Bryant Walker Smith is an assistant professor in the School of Law and (by courtesy) in the School of Engineering at the University of South Carolina. He is also an affiliate scholar at the Center for Internet and Society at Stanford Law School, a faculty affiliate of the Rule of Law Collaborative, chair of the Emerging Technology Law Committee of the Transportation Research Board of the National Academies, and a member of the New York Bar.
Bryant's research focuses on risk (particularly tort law and product liability), technology (automation and connectivity), and mobility (safety and regulation). As an internationally recognized expert on the law of self-driving vehicles, Bryant taught the first-ever course on this topic and is regularly consulted by government, industry, and media. His publications are available at newlypossible.org.
Before joining the University of South Carolina, Bryant led the legal aspects of automated driving program at Stanford University, clerked for the Hon. Evan J. Wallach at the United States Court of International Trade, and worked as a fellow at the European Bank for Reconstruction and Development. He holds both an LL.M. in International Legal Studies and a J.D. (cum laude) from New York University School of Law and a B.S. in civil engineering from the University of Wisconsin. Prior to his legal career, Bryant worked as a transportation engineer.
Paul A. Walker is Counsel to the Commander, Fleet Cyber Command/10th Fleet, where he practices the cyber aspects of contracts, fiscal, business and intelligence law. Paul previously served in cyber and intelligence law billets with the Navy Office of the Judge Advocate General; U.S. Cyber Command; DoD General Counsel; and Office of Naval Intelligence. Paul teaches Cyber Threats and Security at American University, teaches cyber law of war, national security aspects of cyberlaw, and cyber intelligence law in courses at National Defense University. Paul graduated from the U.S. Naval Academy, has a Masters in International Studies from Old Dominion University, his Juris Doctor from William & Mary Law School; and his Master of Laws degree in National Security and U.S. Foreign Relations Law from the George Washington University. Prior to attending law school, Paul was a U.S. Navy pilot and intelligence officer.
Sean Watts is a Professor at Creighton University Law School. He is assigned as an Attorney Advisor to the United States Strategic Command in his capacity as an Army Reserve Judge Advocate.
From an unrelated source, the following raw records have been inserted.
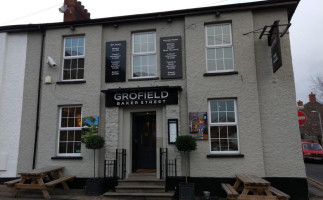The Grofield Inn outside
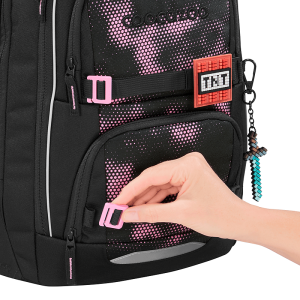pink8_port_88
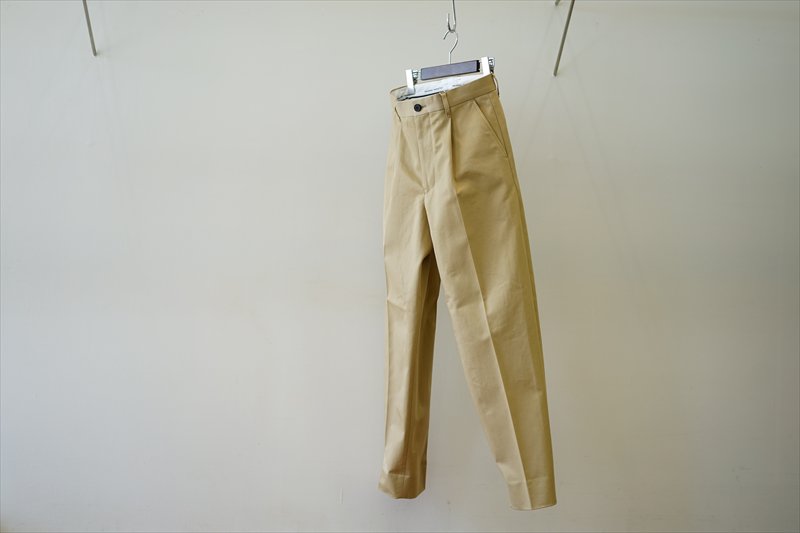 UNIVERSAL PRODUCTS COTTON 1TUCK TROUSERS - パンツ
He is also a Senior Fellow at the Cooperative Cyber Defence Center of Excellence in Tallinn, Estonia. From 2010-2012 he participated in the production of the Tallinn Manual on International Law Applicable to Cyber Warfare (Cambridge University Press). He is currently participating in a project to expand and update the Tallinn Manual. He recently served as a defense team member in Gotovina et al. at the International Criminal Tribunal for Former Yugoslavia. Prior to teaching, Professor Watts served as an active-duty U.S. Army officer for fifteen years in a variety of legal and operational assignments, including service as a tank platoon leader and company executive officer in a tank battalion.